Wicekanclerz Niemiec twierdził, że import ropy z Rosji stanowi 12 proc. „Die Welt” opisał, że prawda jest inna
Wicekanclerz Niemiec Robert Habeck oświadczył pod koniec kwietnia, że jego kraj jest gotowy, by skończyć z importem ropy naftowej z Rosji. Jako termin zakończenia zakupów z tego kierunku wskazano koniec tego roku.
W maju wskaźnik wyniósł 27,8 proc. całego importu
Habeck tłumaczył, że takie założenie jest możliwe, gdyż import z Rosji stanowi jedynie 12 proc. w całym imporcie wspomnianego surowca do Niemiec. Ustalenia dziennika „Die Welt” wykazały, że wicekanclerz minął się z prawdą.
Ostatnie dostępne dane w wymiarze miesięcznym, tj. za maj, wskazują, że Niemcy sprowadzili z Rosji 27,8 proc. importowanej ropy. W marcu ten wskaźnik był jeszcze wyższy i wyniósł aż 37 proc.
„Najwyraźniej to jego spontaniczna ocena”
Dane zostały udostępnione przez niemieckie ministerstwo gospodarki w odpowiedzi na pytanie Jensa Spahna, wiceszefa największej partii opozycyjnej CDU.
– Zależność od Rosji prawie się nie zmniejszyła. Ogłoszone przez Habecka ograniczenie importu z Rosji do 12 proc. było najwyraźniej jego spontaniczną oceną – skwitował polityk CDU.
Z kolei redakcja „Die Welt” wystosowała do resortu gospodarki pytanie, czy wobec tego zapowiedziany termin całkowitego wycofania się z importu rosyjskiej ropy jest w ogóle możliwy. „Ten plan nadal obowiązuje” – napisano w odpowiedzi.
„Niemcy powinny stanowić tu wzór”
Krytyka na zbyt opieszałe odchodzenie od rosyjskiej ropy dochodzi także z partii FDP, która wchodzi w skład koalicji, tworzącej rząd w Berlinie.
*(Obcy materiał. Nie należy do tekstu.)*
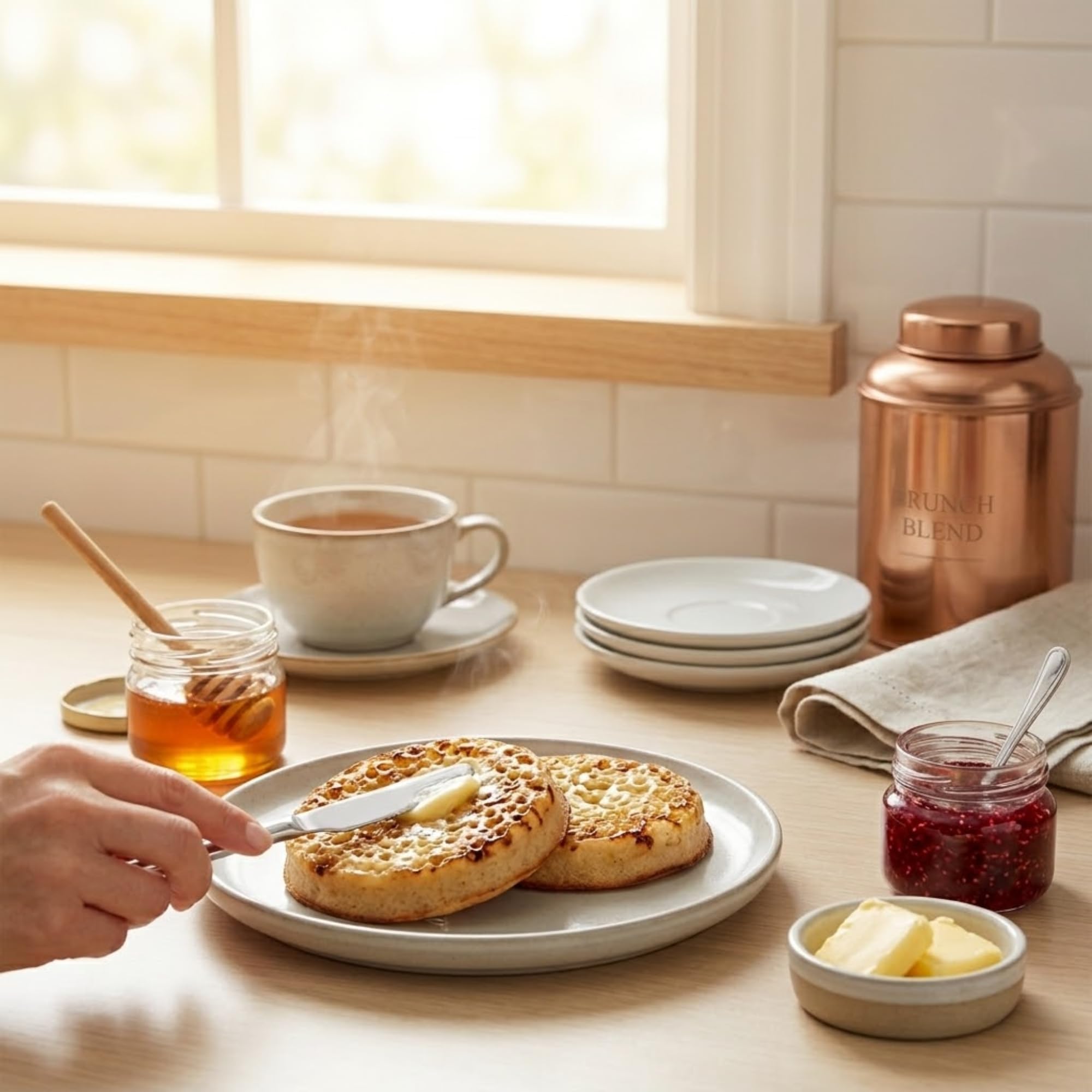 Duffy's crumpets etiqueta y detalle de ingredientes para confianza del comprador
Michael Kruse, rzecznik ds. polityki energetycznej tej partii skwitował, że taki stan rzeczy jest „absolutnie niezadowalający”.
– Unia Europejska zdecydowała się na dalekosiężne embargo na ropę naftową z Rosji, które musi zostać wdrożone jak najszybciej. Niemcy powinny stanowić tu wzór do naśladowania – oświadczył Kruse.